RAM requirement: --n-cpu-moe streams routed experts from system RAM. At --n-cpu-moe 14, keep ~12GB of system RAM free beyond what Windows itself uses; at --n-cpu-moe 99, keep ~20GB. The --cache-ram 4096 flag reserves an additional 4GB for context checkpoints.

Step 5: Configure the broker in WSL

mkdir -p ~/.filescope
cp ~/FileScopeMCP/broker.windows-host.json ~/.filescope/broker.json

The wsl-host placeholder in broker.windows-host.json is auto-resolved by the broker at startup — src/broker/config.ts runs ip route show default | awk '{print \$3}' to find the Windows host IP and rewrites baseURL in memory. No manual editing required in 99% of cases.

Step 6: Verify from WSL

curl http://$(ip route show default | awk '{print \$3}'):8880/v1/models

Expected: JSON with data[].id containing llm-model.

Step 7: Restart Claude Code

Start (or restart) a Claude Code session in your project. FileScopeMCP auto-spawns the broker, which connects to llama-server on Windows. Verify end-to-end with:

./setup-llm.sh --status

Or call status() from an MCP tool in Claude Code.


Remote / LAN Server

llama-server runs on a different machine on your network.

1. On the remote machine: Launch llama-server with the full flag set from Step 4 above, ensuring --host 0.0.0.0 --port 8880 --alias llm-model are present.

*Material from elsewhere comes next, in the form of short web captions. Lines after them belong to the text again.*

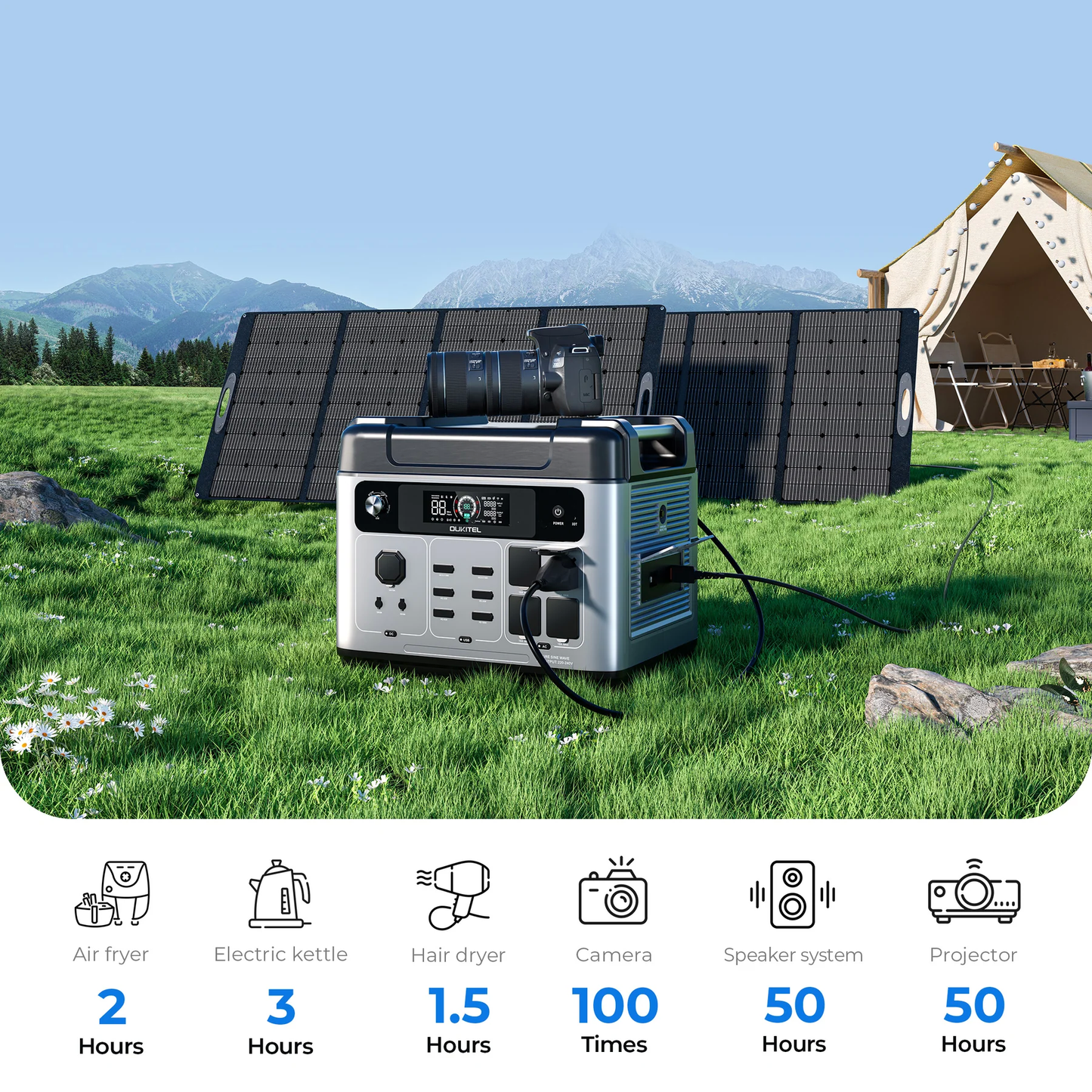 OUKITEL P2001E PLUS Portable Power Station 2048Wh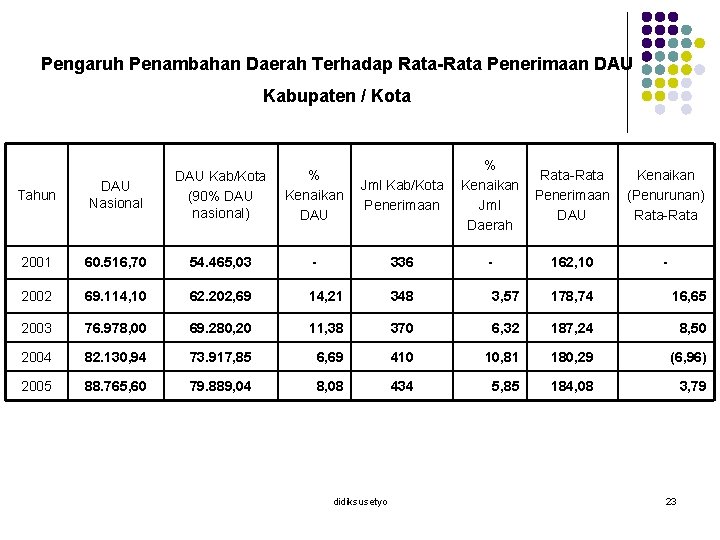 Pengaruh Penambahan Daerah Terhadap Rata-Rata Penerimaan DAU Kabupaten / Kota Jml Kab/Kota Penerimaan %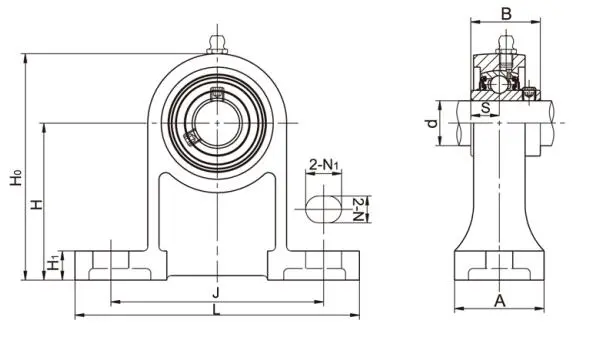 Diagram of Pedestal Base Pillow BLock Bearing Units UCPH2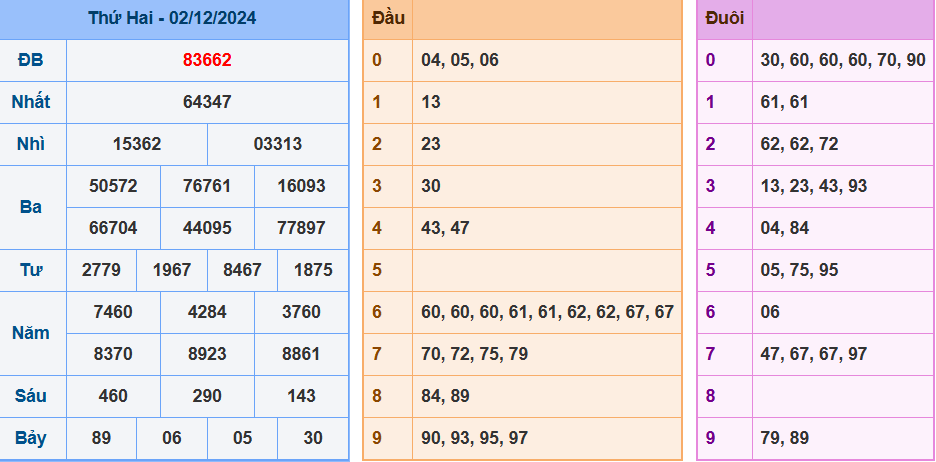 kết quả xsmb ngày 02-12-2024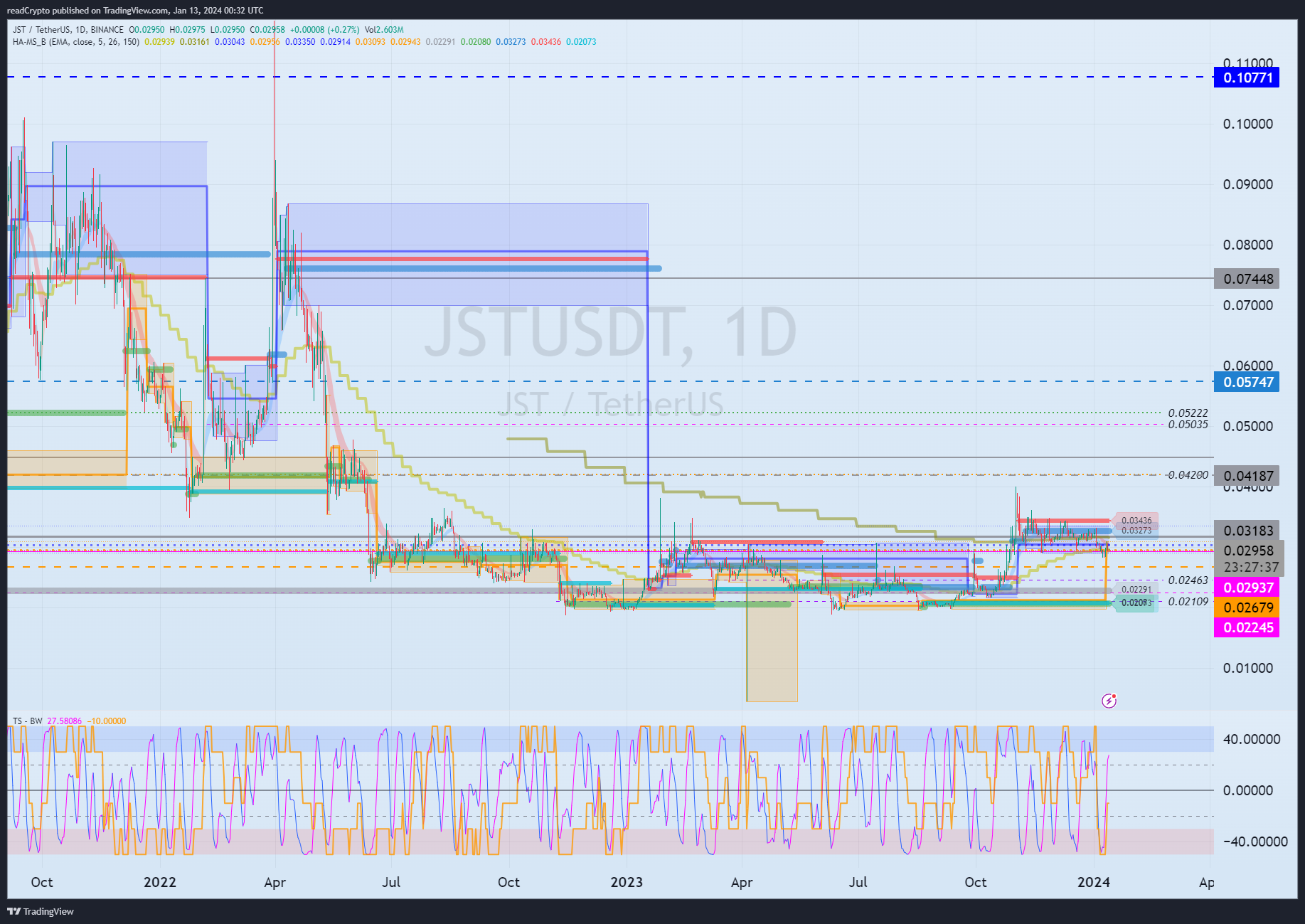 BINANCE:JSTUSDT Chart Image by readCrypto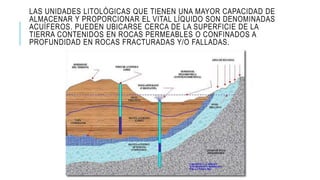 LAS UNIDADES LITOLÓGICAS QUE TIENEN UNA MAYOR CAPACIDAD DE
ALMACENAR Y PROPORCIONAR EL VITAL LÍQUIDO SON DENOMINADAS
ACUÍFEROS. PUEDEN UBICARSE CERCA DE LA SUPERFICIE DE LA
TIERRA CONTENIDOS EN ROCAS PERMEABLES O CONFINADOS A
PROFUNDIDAD EN ROCAS FRACTURADAS Y/O FALLADAS.
 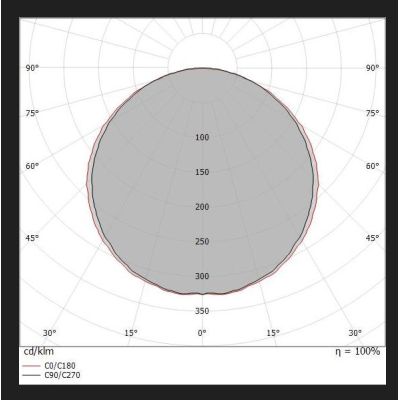 REGOLO LAMPADA DA PARETE MONOEMISSIONE LED 39W MODERNA LUCE 2700K-3000K 3 COLORI LINEA LIGHT
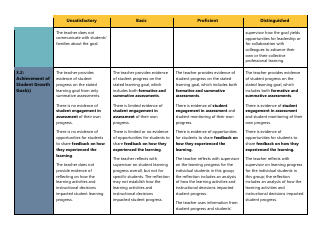 Certificated Teacher Focused Summative Scoring Document Criterion 5: Marzano Framework - Washington, Page 4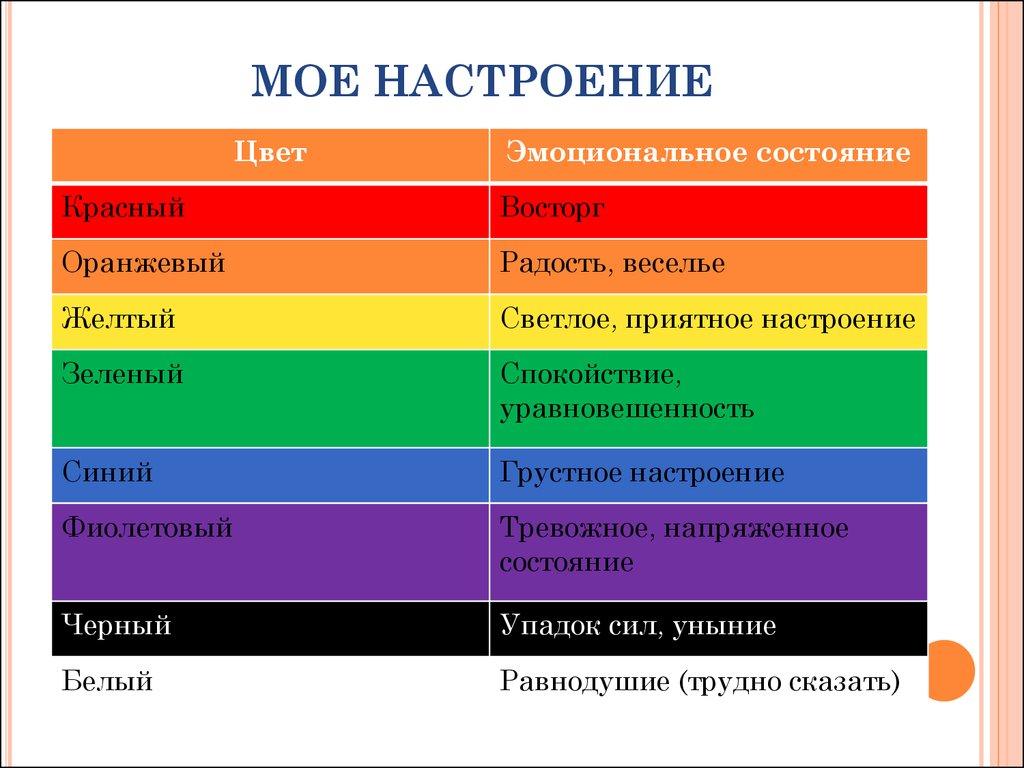 Родительское собрание-тренинг 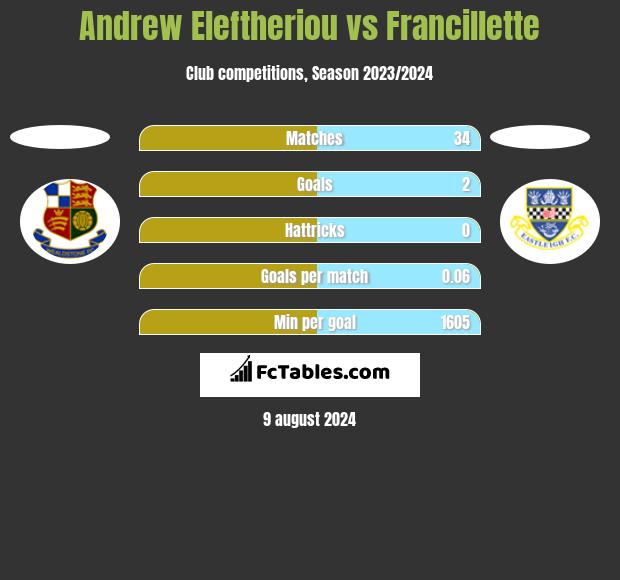 Andrew Eleftheriou vs Francillette h2h player stats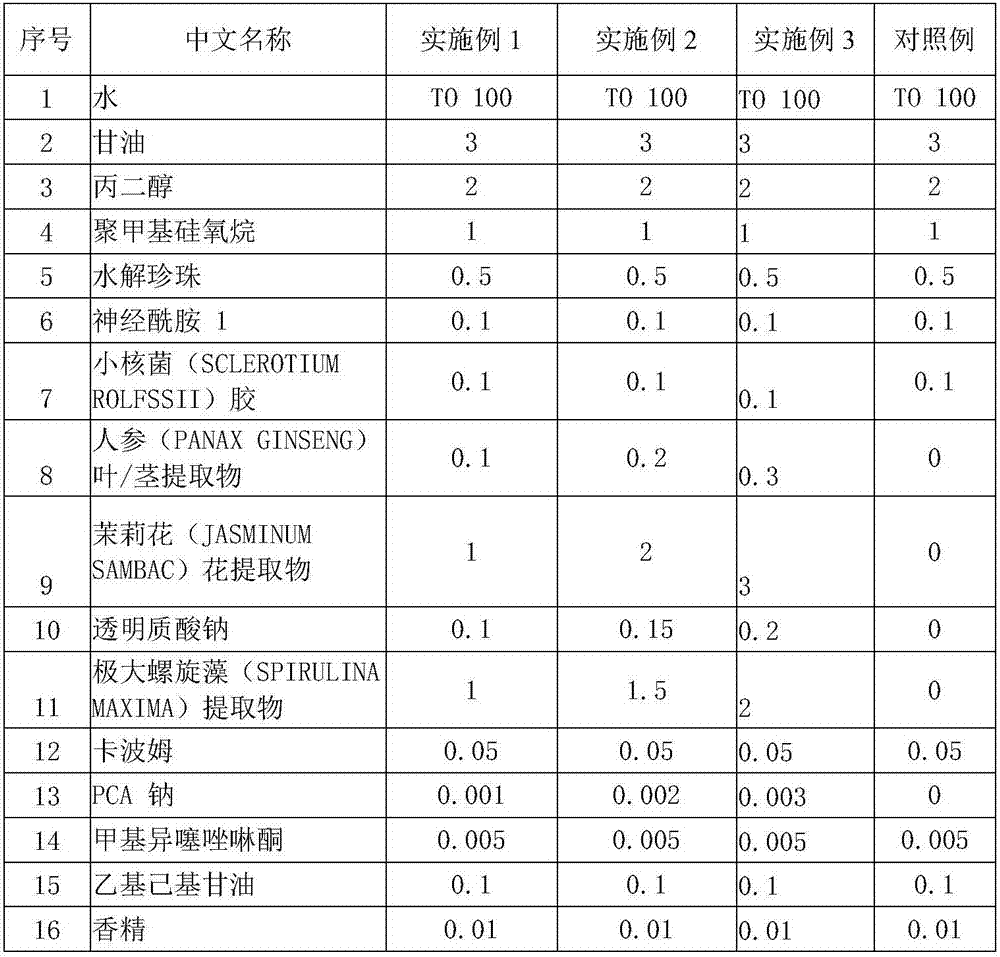 Deep moisturizing skin care product and preparation method thereof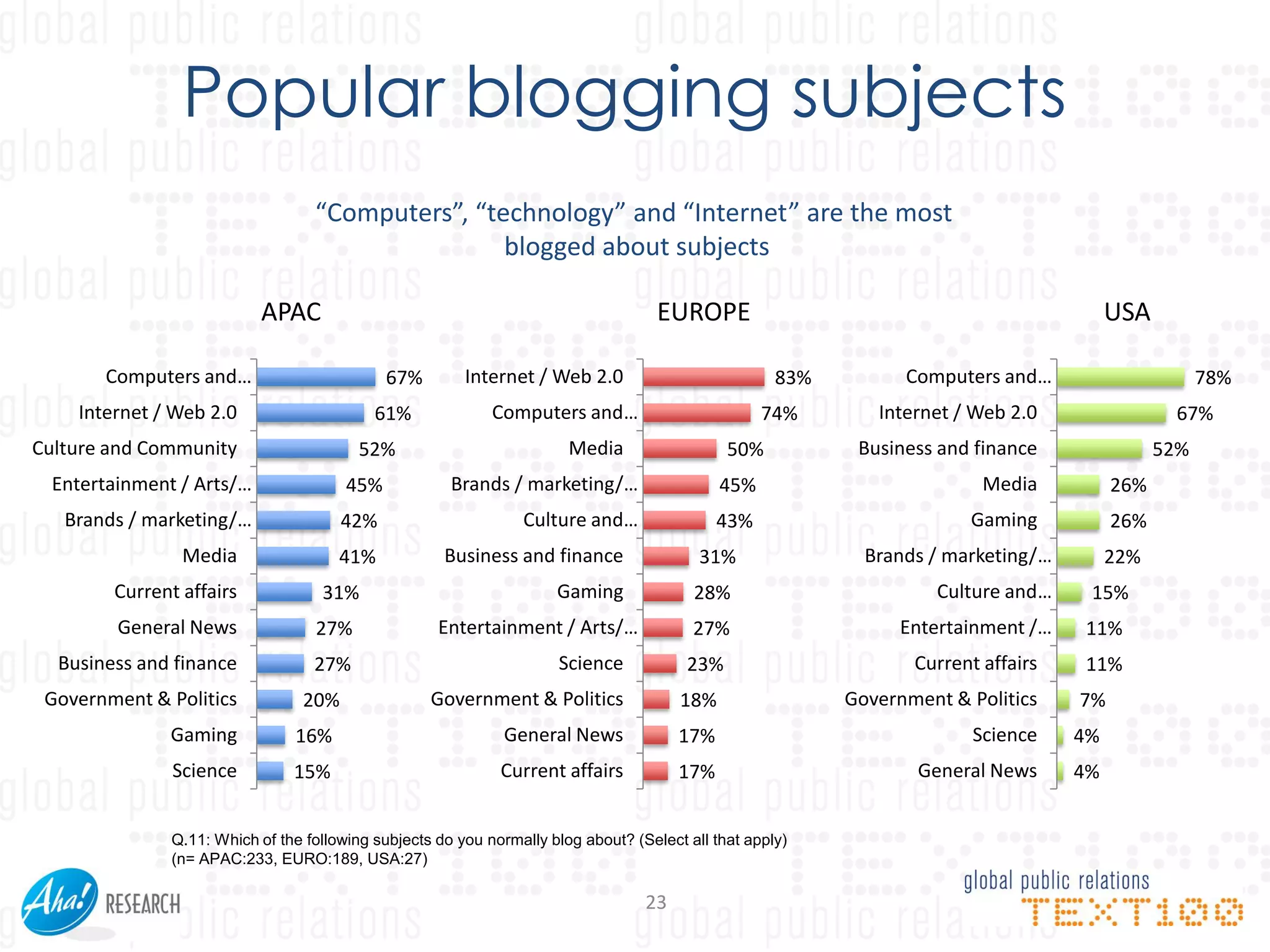 Popular blogging subjects
                                   “Computers”, “technology” and “Internet” are the most
                                                   blogged about subjects

                           APAC                                                      EUROPE                                               USA

       Computers and…                         67%        Internet / Web 2.0                           83%         Computers and…                      78%
    Internet / Web 2.0                      61%              Computers and…                         74%        Internet / Web 2.0                67%
Culture and Community                     52%                           Media                  50%           Business and finance               52%
  Entertainment / Arts/…                45%            Brands / marketing/…                   45%                          Media          26%
   Brands / marketing/…                 42%                      Culture and…                 43%                        Gaming           26%
                Media                  41%            Business and finance                 31%                Brands / marketing/…        22%
        Current affairs             31%                               Gaming              28%                         Culture and…    15%
         General News              27%               Entertainment / Arts/…               27%                     Entertainment /…   11%
  Business and finance             27%                                Science            23%                       Current affairs   11%
 Government & Politics            20%               Government & Politics               18%                 Government & Politics    7%
               Gaming           16%                            General News             17%                               Science    4%
               Science          15%                           Current affairs           17%                        General News      4%


               Q.11: Which of the following subjects do you normally blog about? (Select all that apply)
               (n= APAC:233, EURO:189, USA:27)

                                                                                   23
 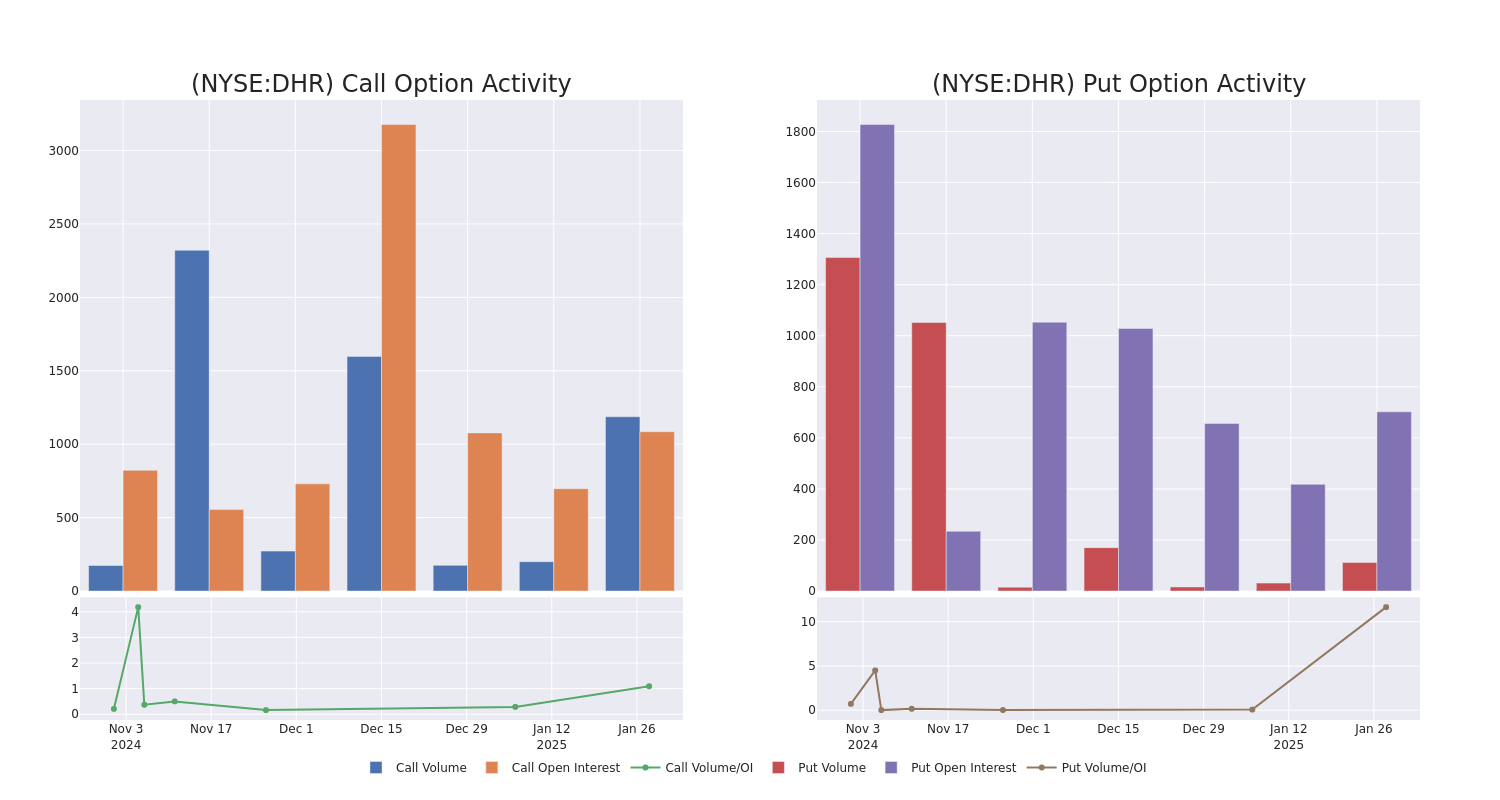 Options Call Chart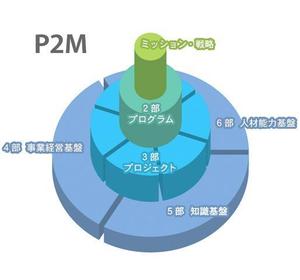 lazuli (lazuli)さんのP2Mの構成への提案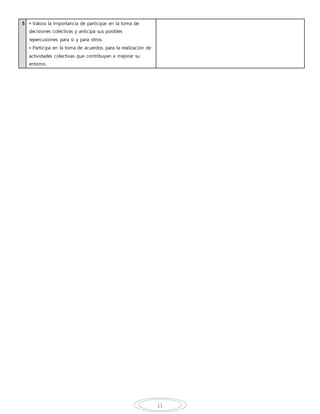 11
5 • Valora la importancia de participar en la toma de
decisiones colectivas y anticipa sus posibles
repercusiones para sí y para otros.
• Participa en la toma de acuerdos para la realización de
actividades colectivas que contribuyan a mejorar su
entorno.
 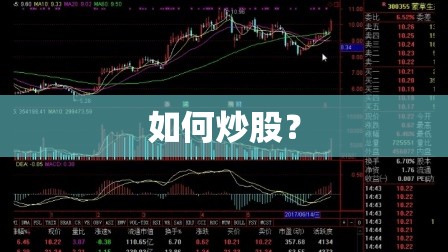 如何炒股？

2. In WSL / on the FileScopeMCP machine:

mkdir -p ~/.filescope
cp ~/FileScopeMCP/broker.remote-lan.json ~/.filescope/broker.json

3. Edit ~/.filescope/broker.json and replace 192.168.1.100 with the actual IP of the remote machine:

{
  "llm": {
    "provider": "openai-compatible",
    "model": "llm-model",
    "baseURL": "http://YOUR_SERVER_IP:8880/v1",
    "maxTokensPerCall": 1024
  },
  "jobTimeoutMs": 120000,
  "maxQueueSize": 1000
}

4. Verify connectivity:

curl http://<remote-ip>:8880/v1/models

5. Restart Claude Code.


WSL + Windows Troubleshooting

If FileScopeMCP runs in WSL2 and llama-server runs on Windows, work through these checks in order.

1. Is llama-server running on Windows?

Check the PowerShell window it was launched in. If you closed that window, llama-server is gone — relaunch it with the command from Step 4.

2. Is llama-server listening on all interfaces?

In a Windows terminal:

netstat -an | findstr 8880

You should see 0.0.0.0:8880. If you see 127.0.0.1:8880, you forgot --host 0.0.0.0 on the launch command.

3. Can WSL reach the Windows host?

From WSL:

ip route show default | awk '{print \$3}'
curl http://$(ip route show default | awk '{print \$3}'):8880/v1/models

If curl hangs or returns "Connection refused":

  • Firewall: The inbound rule from Step 3 may not be active. Re-run New-NetFirewallRule in an elevated PowerShell.
  • VPN/proxy: Some VPN software changes WSL2 networking. Try disconnecting the VPN temporarily.

4. Is the broker config correct?

cat ~/.filescope/broker.json

baseURL should contain wsl-host:8880 (auto-resolved at startup) or the literal Windows host IP on port 8880. If it points at a different port or still has localhost, re-copy the template:

cp ~/FileScopeMCP/broker.windows-host.json ~/.filescope/broker.json

5. Is the broker process running?

ps aux | grep broker | grep -v grep
cat ~/.filescope/broker.log

Common errors:

  • ECONNREFUSED — llama-server isn't reachable (go back to checks 2-3).
  • Stale socket file — remove it and let the broker respawn:
    rm ~/.filescope/broker.sock
    
    Then restart your Claude Code session.

6. Is wsl-host resolving correctly?

ip route show default

This should print one line whose third field is the Windows host gateway IP. If this fails (unusual), edit ~/.filescope/broker.json and replace wsl-host with the literal IP.